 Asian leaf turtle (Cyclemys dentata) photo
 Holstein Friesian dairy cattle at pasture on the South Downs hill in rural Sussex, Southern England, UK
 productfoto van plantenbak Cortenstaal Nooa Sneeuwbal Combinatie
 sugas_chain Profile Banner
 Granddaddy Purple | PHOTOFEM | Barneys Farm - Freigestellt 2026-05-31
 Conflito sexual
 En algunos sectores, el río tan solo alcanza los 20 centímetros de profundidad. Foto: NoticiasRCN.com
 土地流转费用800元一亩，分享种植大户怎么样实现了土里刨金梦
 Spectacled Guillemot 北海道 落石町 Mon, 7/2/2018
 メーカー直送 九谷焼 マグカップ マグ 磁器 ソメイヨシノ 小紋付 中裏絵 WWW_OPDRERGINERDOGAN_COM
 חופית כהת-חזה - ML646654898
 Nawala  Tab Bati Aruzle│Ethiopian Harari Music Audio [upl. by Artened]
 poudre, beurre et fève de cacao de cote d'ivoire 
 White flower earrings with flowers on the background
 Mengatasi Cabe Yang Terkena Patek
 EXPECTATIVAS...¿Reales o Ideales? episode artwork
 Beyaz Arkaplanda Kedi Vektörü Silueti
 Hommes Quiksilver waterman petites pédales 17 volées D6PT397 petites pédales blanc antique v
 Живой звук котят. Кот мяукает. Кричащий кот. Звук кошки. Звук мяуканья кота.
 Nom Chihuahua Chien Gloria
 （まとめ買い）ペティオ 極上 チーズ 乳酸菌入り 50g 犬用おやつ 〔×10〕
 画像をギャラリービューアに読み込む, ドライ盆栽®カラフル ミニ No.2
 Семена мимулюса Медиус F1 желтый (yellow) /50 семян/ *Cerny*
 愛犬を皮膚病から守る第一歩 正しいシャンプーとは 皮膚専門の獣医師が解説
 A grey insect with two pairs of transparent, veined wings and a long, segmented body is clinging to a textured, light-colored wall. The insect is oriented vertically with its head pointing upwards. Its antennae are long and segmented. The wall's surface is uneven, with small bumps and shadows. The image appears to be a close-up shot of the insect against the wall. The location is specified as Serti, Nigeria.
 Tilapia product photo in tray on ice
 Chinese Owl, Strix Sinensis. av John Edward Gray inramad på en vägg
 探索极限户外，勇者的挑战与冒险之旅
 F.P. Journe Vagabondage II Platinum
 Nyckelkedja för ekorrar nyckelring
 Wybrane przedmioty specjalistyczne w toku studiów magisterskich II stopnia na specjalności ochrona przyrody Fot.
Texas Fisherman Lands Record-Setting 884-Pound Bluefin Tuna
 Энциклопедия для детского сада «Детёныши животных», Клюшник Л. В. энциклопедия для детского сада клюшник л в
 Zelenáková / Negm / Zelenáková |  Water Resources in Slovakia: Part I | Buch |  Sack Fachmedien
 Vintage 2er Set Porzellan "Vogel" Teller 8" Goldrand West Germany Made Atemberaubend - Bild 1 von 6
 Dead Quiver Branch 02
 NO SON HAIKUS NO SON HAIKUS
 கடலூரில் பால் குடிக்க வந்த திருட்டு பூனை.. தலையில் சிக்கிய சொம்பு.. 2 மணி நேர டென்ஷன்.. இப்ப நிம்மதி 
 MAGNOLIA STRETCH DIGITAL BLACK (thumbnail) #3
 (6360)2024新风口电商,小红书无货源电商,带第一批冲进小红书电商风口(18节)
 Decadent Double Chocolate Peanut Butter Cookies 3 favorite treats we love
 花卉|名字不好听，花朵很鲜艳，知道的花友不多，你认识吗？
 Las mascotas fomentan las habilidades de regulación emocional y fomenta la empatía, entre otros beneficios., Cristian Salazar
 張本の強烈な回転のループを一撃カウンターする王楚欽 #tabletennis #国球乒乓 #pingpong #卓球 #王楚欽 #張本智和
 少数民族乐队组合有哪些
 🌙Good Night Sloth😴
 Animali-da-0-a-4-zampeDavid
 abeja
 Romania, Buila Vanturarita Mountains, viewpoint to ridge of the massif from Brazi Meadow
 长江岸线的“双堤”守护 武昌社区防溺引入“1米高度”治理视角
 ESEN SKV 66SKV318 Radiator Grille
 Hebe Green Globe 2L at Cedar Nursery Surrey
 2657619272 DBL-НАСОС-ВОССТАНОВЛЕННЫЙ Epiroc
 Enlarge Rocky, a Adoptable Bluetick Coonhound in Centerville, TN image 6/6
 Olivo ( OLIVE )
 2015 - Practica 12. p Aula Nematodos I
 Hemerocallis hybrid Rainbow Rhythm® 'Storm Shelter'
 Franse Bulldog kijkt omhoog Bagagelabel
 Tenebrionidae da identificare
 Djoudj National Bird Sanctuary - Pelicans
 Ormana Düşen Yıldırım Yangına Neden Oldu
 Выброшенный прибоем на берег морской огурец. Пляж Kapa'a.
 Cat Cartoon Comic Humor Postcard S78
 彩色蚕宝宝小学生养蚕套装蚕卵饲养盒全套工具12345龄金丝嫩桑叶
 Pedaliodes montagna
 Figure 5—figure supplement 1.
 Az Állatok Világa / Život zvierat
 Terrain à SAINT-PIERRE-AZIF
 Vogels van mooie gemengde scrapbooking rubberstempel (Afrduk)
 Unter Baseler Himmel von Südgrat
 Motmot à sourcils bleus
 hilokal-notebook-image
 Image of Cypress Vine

- **ACTIVITY**: Once you find the line with "Tilapia product photo in tray on ice" in the entries above, output it and each line after it up to and including the line with "Texas Fisherman Lands", and nothing else.

- **ANSWER FOR THIS EXERCISE**:
 Tilapia product photo in tray on ice
 Chinese Owl, Strix Sinensis. av John Edward Gray inramad på en vägg
 探索极限户外，勇者的挑战与冒险之旅
 F.P. Journe Vagabondage II Platinum
 Nyckelkedja för ekorrar nyckelring
 Wybrane przedmioty specjalistyczne w toku studiów magisterskich II stopnia na specjalności ochrona przyrody Fot.
Texas Fisherman Lands Record-Setting 884-Pound Bluefin Tuna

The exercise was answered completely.